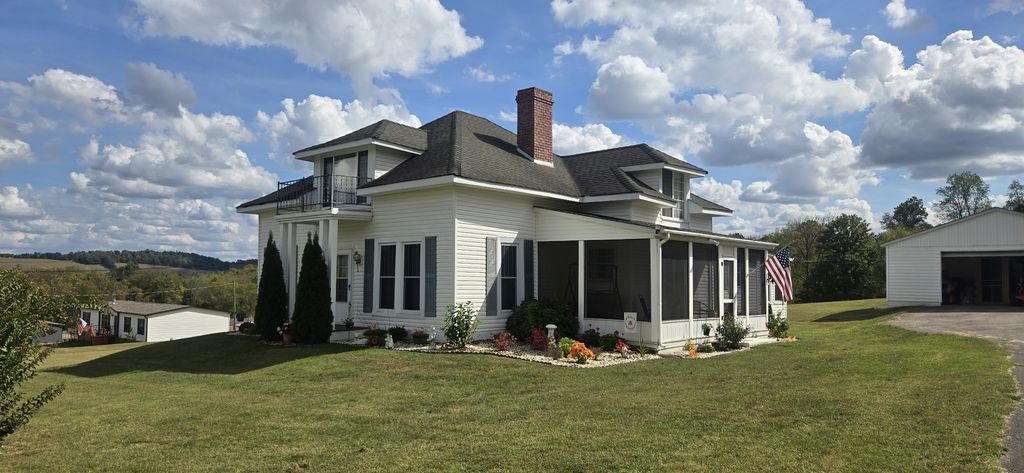 130 Wagoner Hill Rd, Fayetteville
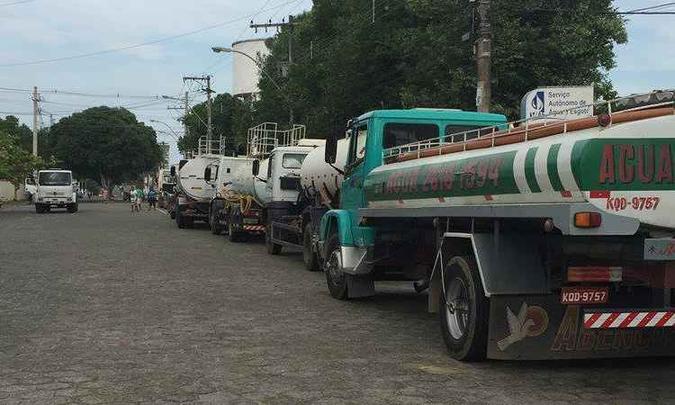 Linhares envia 40 caminhões-pipa com água potável para Colatina(foto: Prefeitura de Linhares/Facebook/Divulgação) Linhares envia 40 caminhões-pipa com água potável para Colatina(foto: Prefeitura de Linhares/Facebook/Divulgação)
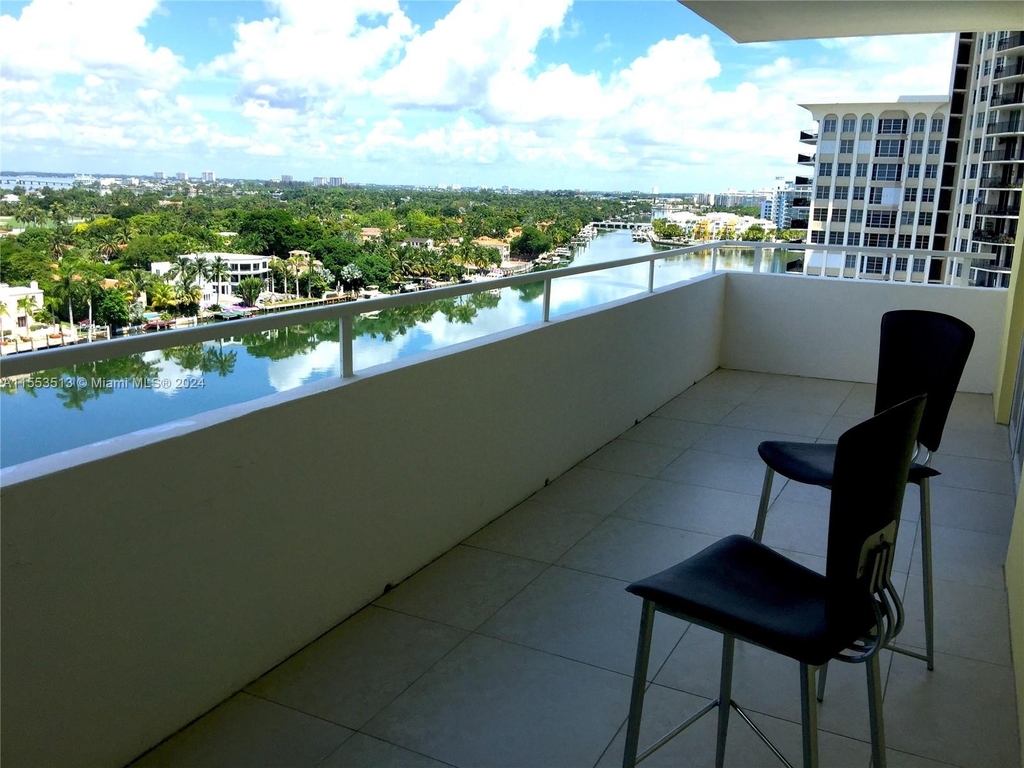 5600 Collins Ave - Photo 4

__________

### Assignment
Copy out all the data without changing anything, and drop the pictures.

### Response
 130 Wagoner Hill Rd, Fayetteville
 Linhares envia 40 caminhões-pipa com água potável para Colatina(foto: Prefeitura de Linhares/Facebook/Divulgação) Linhares envia 40 caminhões-pipa com água potável para Colatina(foto: Prefeitura de Linhares/Facebook/Divulgação)
 5600 Collins Ave - Photo 4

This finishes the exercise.